## EXERCISE OBJECTIVE:
After locating the line with "Pair of mid-20th" in the entries below, output it and each following line up to and including the line with "Low table in", exactly and without pictures.
##### RECORDED DATA #####
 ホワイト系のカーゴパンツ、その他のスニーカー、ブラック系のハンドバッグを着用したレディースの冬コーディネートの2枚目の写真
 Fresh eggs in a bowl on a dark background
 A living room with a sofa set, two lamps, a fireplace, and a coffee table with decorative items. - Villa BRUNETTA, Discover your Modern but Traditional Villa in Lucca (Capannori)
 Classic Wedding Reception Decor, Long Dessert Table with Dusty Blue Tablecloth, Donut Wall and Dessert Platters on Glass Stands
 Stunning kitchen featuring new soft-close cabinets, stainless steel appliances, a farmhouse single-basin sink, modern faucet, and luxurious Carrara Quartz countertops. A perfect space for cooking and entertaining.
#####
##### RECORDED DATA #####
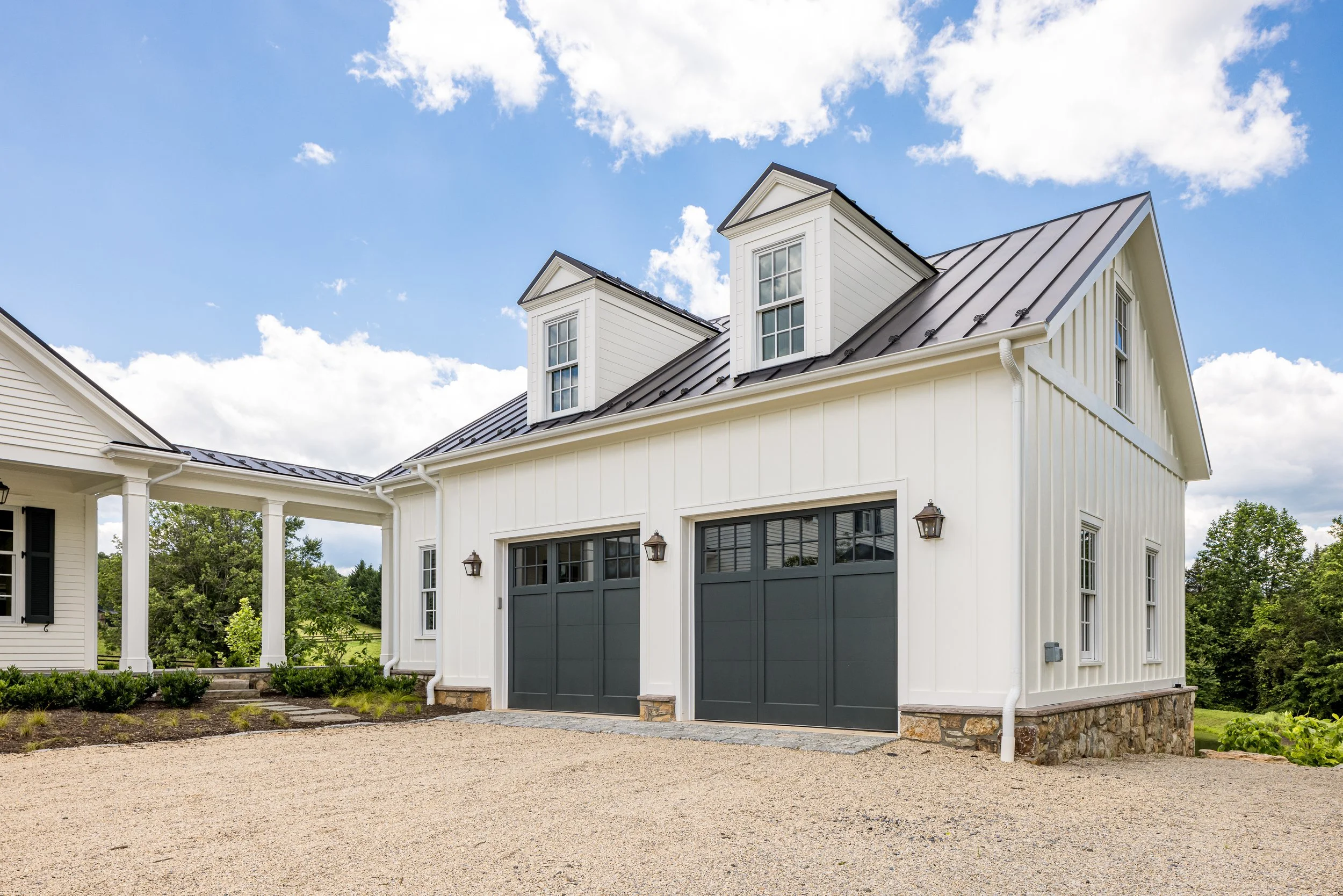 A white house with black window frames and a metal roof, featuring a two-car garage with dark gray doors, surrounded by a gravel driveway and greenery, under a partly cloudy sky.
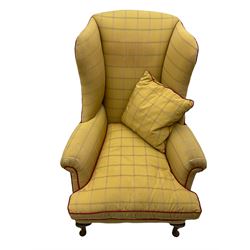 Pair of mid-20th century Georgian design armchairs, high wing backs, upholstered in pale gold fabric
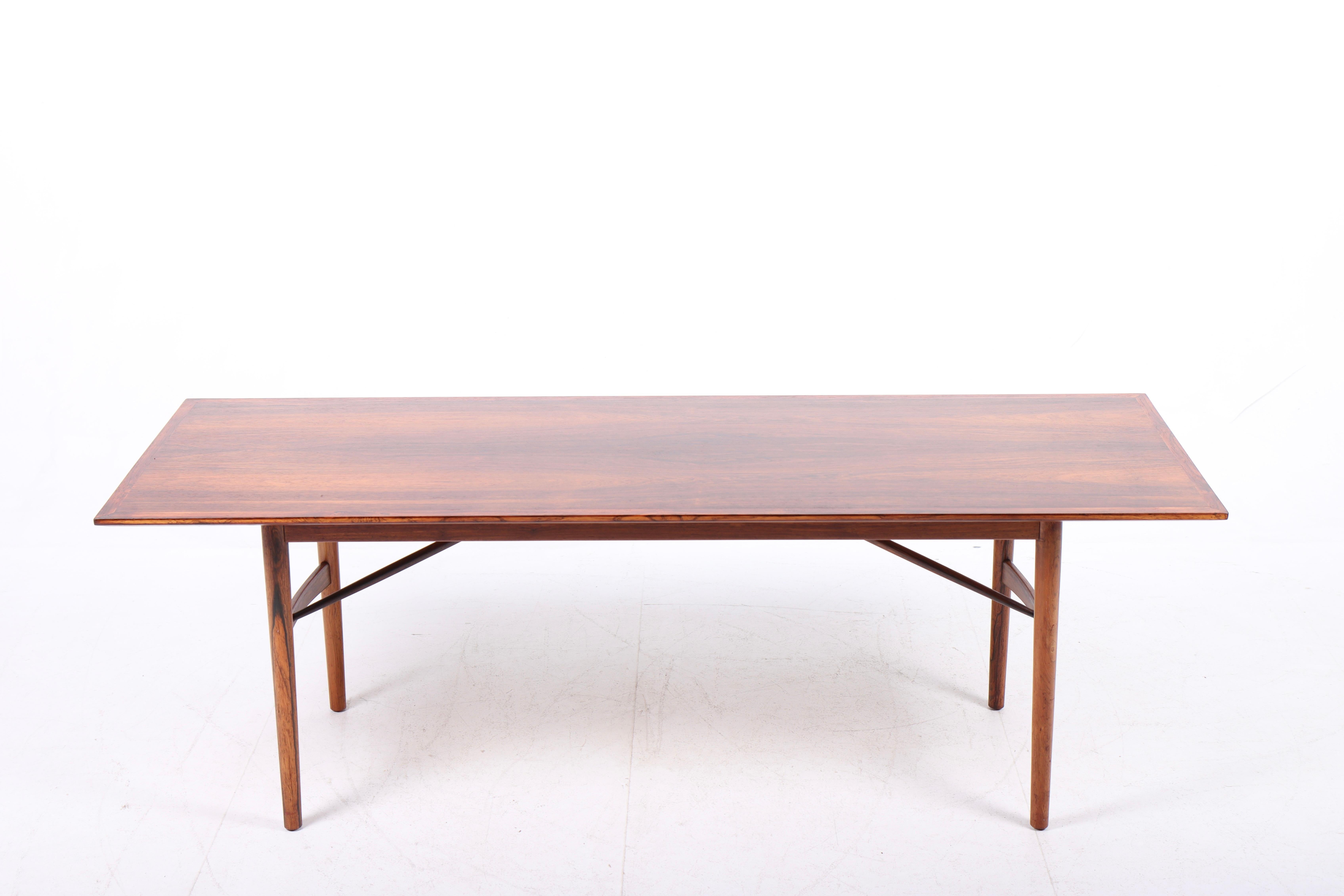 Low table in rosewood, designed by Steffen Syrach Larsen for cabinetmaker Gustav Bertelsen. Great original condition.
#####
## RESPONSE FOR THIS EXERCISE:
 Pair of mid-20th century Georgian design armchairs, high wing backs, upholstered in pale gold fabric
 Low table in rosewood, designed by Steffen Syrach Larsen for cabinetmaker Gustav Bertelsen. Great original condition.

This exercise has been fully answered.